Oil centralizes power. Venezuelan oil fetches a lower price than most because it’s harder to refine, but [c]hávez is still pocketing between $4 billion and $6.7 billion a month, depending on whom you believe. Give anyone in an opaque, rather than open, society more than $100 million a day and he might start raving about ruling until 2050, as [c]hávez has.

The second comes from an unlikely source, the LA Times, but Sergio Muñoz still points out how chavez is a threat only to his people:

Does Chavez have the military and financial resources to play in the same league as the U.S. and other world powers?

Venezuela’s 2006 defense budget amounted to less than $2 billion, about 1.3% of its gross domestic product. His combined armed services — army, navy and air force — number about 82,000, according to GlobalSecurity.org.
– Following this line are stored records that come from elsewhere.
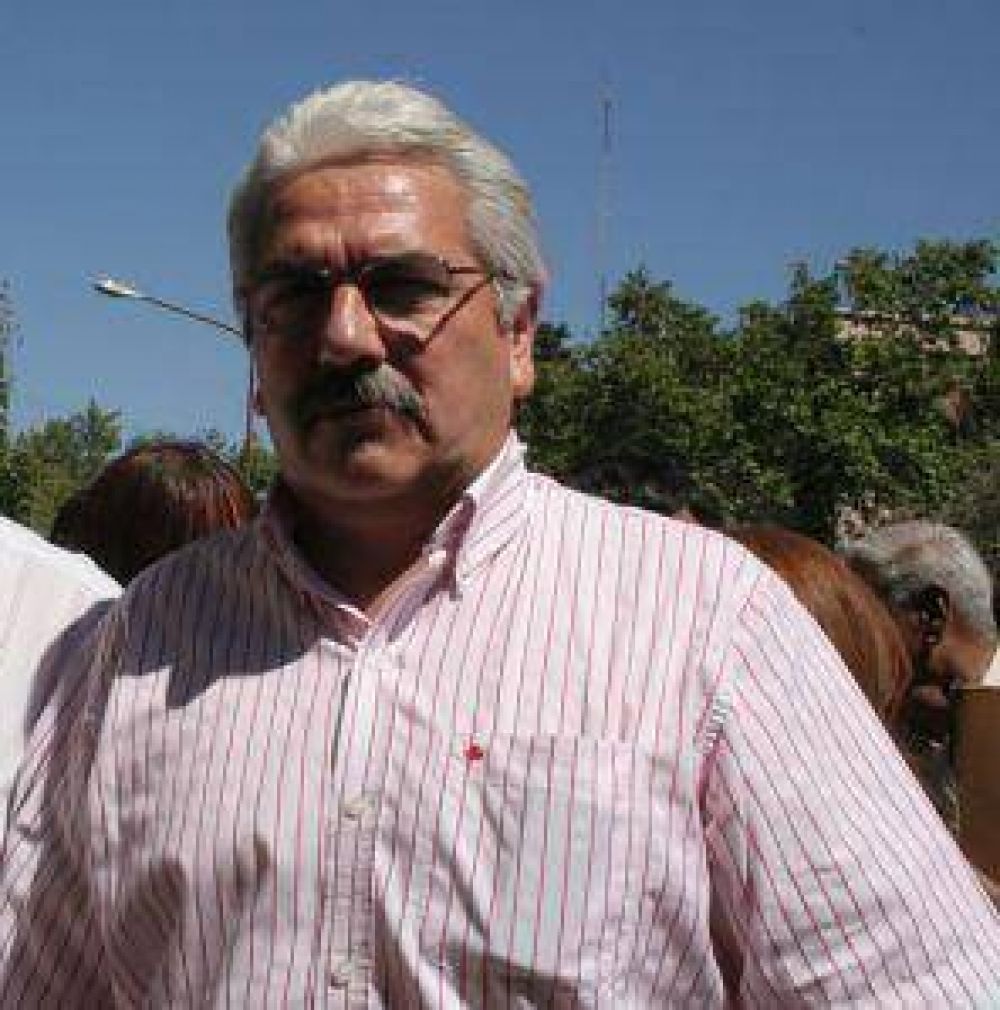 Gabriel Pacheco: �Los empleados p�blicos deben tener un sistema de ingreso y estar escalafonados� 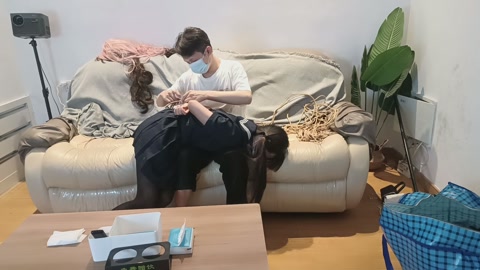 人贩王五系列（精神小妹）王五在又猫在楼道发愁没法交货，这次蹲到了一个心情相当愉快的精神小妹，于是尾随... 第1张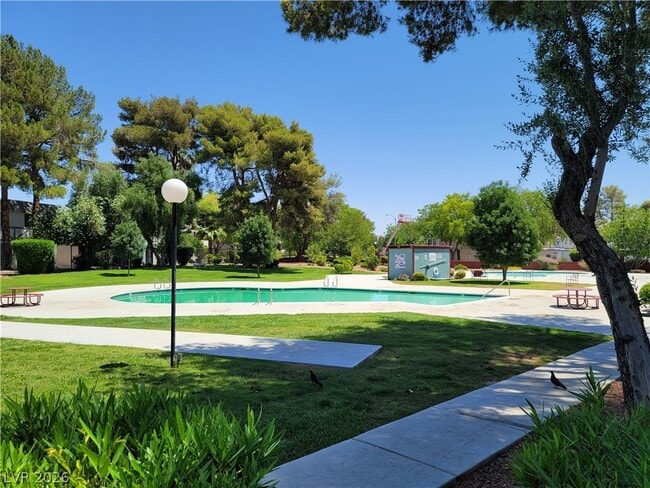 Foto del edificio - 629 E Pecos Way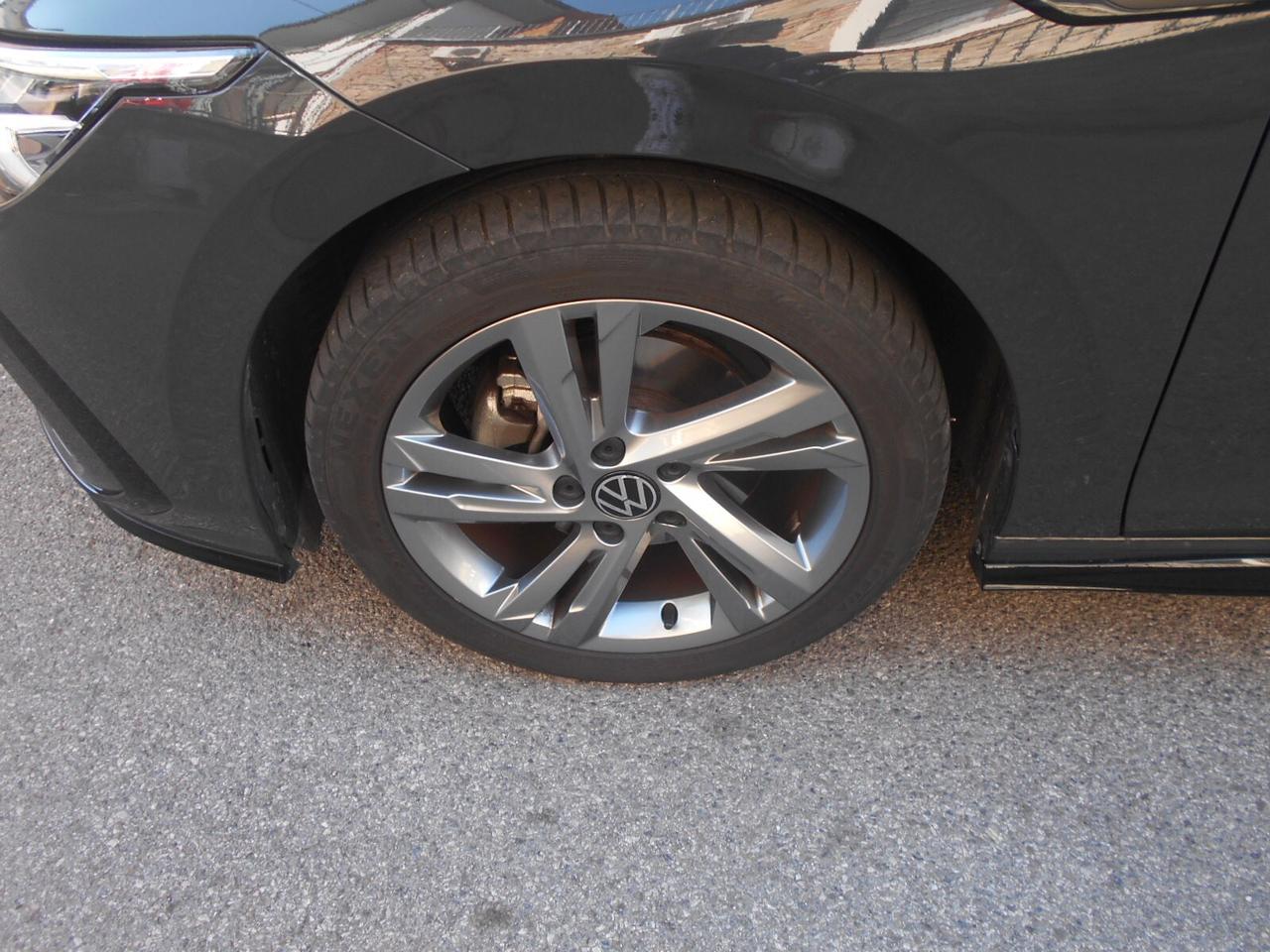 Volkswagen Golf versione R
In contrast, the U.S. has more troops in Iraq than Chavez has in all three branches of his military.

Although this Venezuelan tyrant with the Napoleonic complex poses little, if no threat to us here in the US, he is still the largest threat to our Venezuelan brothers and sisters. Left to pursue his whims and avarice, the yapping dog of Caracas will end up destroying Venezuelan society, families, and the economy, just as his master has done in Cuba.

Today may be Venezuela’s last chance to put this mutt back in his cage. If they fail to stop him, they need only look to Cuba to see what their future will look like.

*No dogs were hurt during the writing of this post. The author also apologizes for any offense, directly or indirectly, this post may cause dogs who through no fault of their own, must also endure chavez’s yapping.

5 thoughts on “… no muerde”

  1. Ya empezo la trampa…. voting suspended in the Miami consulate due to fire.

    C’mon, how friggin’ obvious can the scam be?

    It’s at the herald.com

  2. It is sad, there is no hope in h.ll that Chavez will allow the results to go against him…

    Next is civil war…

  3. Ditto on the point that chavez is more of a yapping mutt than a serious pit bull off a leash.

    However, my respectful disagreement that he’s just a nuisance to the US; that’s what our State Dept. & others have said about kasstro too. While chavez may not have the military hardware and other clout to do us direct harm, he’s proven relentless sowing seeds of instability all over the map, buying votes and thugs with his petrodollars. And in a post-9/11 world, that may count for something in the future. It remains to be seen. Remember he’s been schmoozing with Ahm-a-demon-job in Iran since he arrived at Miraflores. Iranian mullahs’ insane ideology is far more dangerous than their nukes, in my estimation.

    IMHO, we should not take for granted our safety by looking south of the border and thinking that smaller or poorer or 3rd World countries are incapable of causing a lot of damage.